Boesak’s poignant “cry from the heart” from the heart of his own church — and in many ways from his own — met with a standing ovation. It also gave its name to the Oct. 17 conference here: “A Cry from the Heart for Unity, Reconciliation and Justice: From Belhar to Ferguson.”
The conference examined not only the roots of the Belhar Confession in South Africa’s apartheid era, but also explored struggles of race, class, and gender in the present U.S. context in both church and society.
The conference was especially timely not only in the light of the persistence and the destructive consequences of racism as evidenced by the events and the continued unrest in Ferguson, Mo., but also as the Presbyterian Church (USA) has begun the process of voting on a proposed constitutional amendment that would add the Belhar Confession to the PCUSA’s Book of Confessions.
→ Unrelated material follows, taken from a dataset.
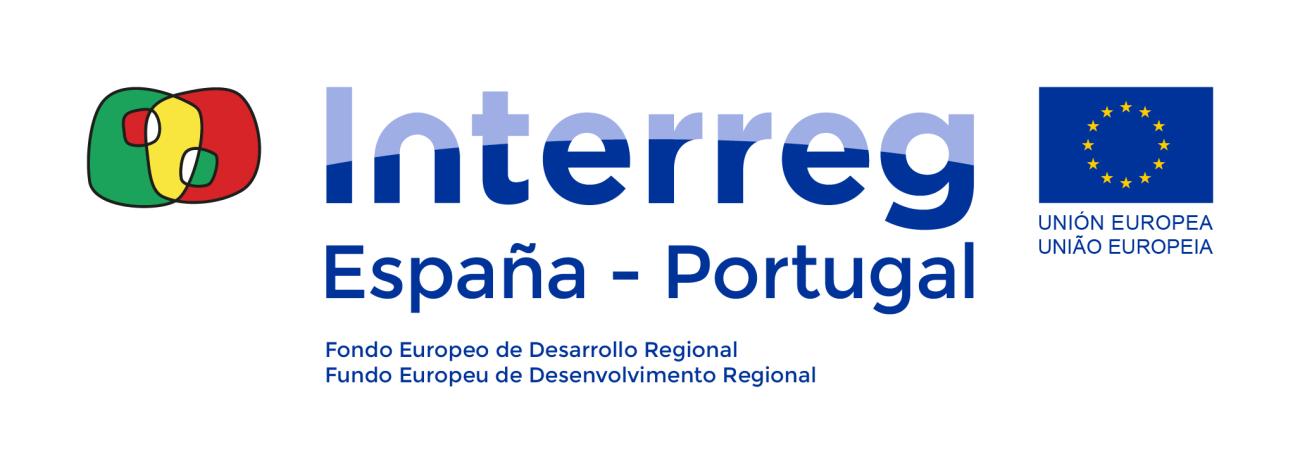 espana-portugal_espt_fund_rgb-01.jpg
To be added to the denomination’s Constitution, it will have to be ratified by 115, or two-thirds, of the denomination’s 172 presbyteries — each by a two-thirds vote — within the next year. If the confession receives the approval of the presbyteries, the 221nd General Assembly (2016) would then be called upon to give final approval of its inclusion in the Book of Confessions.
Boesak, in tracing the roots of what he called “the history of a heresy” in his native South Africa, said that the apartheid system came to South Africa through colonization and slavery. It found its first form when the colonial Dutch Reformed Church made its decision to divide the church on the basis of race.
“When we began to realize that apartheid was not just a political system that was oppressive — not just a racist, exploitative, economic system, not just a system of cultural and political domination and subjugation — but that it could not survive without its moral justification,” he said, referring to the church’s sanction of the practice, “then we began to have some understanding of what the call upon us was to do.”
Because the special committee was charged with educating the whole church about the confession, videos of all four presentations from the Oct. 17 conference are now available online as an educational resource for churches and presbyteries as they prepare to vote on Belhar.